Monday, January 10, 2011

The Baroque Period Defined

The title word Baroque is italian for bizare, though exuberant is more appropriate, as music in the baroque period is characterized with energy and livelyhood. The term baroque originated in the 1860's to decribe the highly decorative style of the public and religous buildings in the 17th and 18th century. A major theme underlying music at the time was exploration of form. At the time, there was still much to be dicscovered: New harmonic lines and harmonic progressions, combinations of instruments, and new forms in music such as fugue,canon, and variations in a bassline, popular tunes, and chorales.

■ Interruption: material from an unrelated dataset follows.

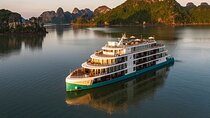 Veranda Cruise 4-day explore Halong Bay and Lan Ha Bay from Hanoi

As the 1600's progreesed, these musical forms took definite shape, and the period from 1700 to 1750's can be viewed as highly "Baroque". Also important was the circumstances under which a composer worked. Take Vivaldi, for example.Though he wrote many fine, complex concertos, many of his pieces were meant merely as a five finger exercise for his students. Vivaldi spent most of his working life employed by Ospedale della Pieta.Often called an orphange, the Osepedale, was actually ahome for the female offspring of noblemen.The Osepedale was thus endowed by Numerous "anonymous" fathers. the young chicks were well looked after, their musical standards the highest. Indeed, many of Vivaldi's finest pieces were excerises he would play with his talented women.In the music of Johann Sebastian Bach, the different styles and forms of the baroque period were combined to perfection. Johann Sebastian Bach came from a musical family stretching back through many generations, and the Bachs were well-known throughout their "home ground" of Thuringia in what is now southeast Germany. Many of them were church and court musicians, and one or two were instrument makers. During Bach's life time, his son would recall " No musician of any consequence visiting Lepzip would ever fail to visit my father." Lepzig was a important, universal musical city. Musicians from all over the world would come to stay at his apartments in the Thomas school building, where they would make music togeher. In his death he left a tremendous legacy.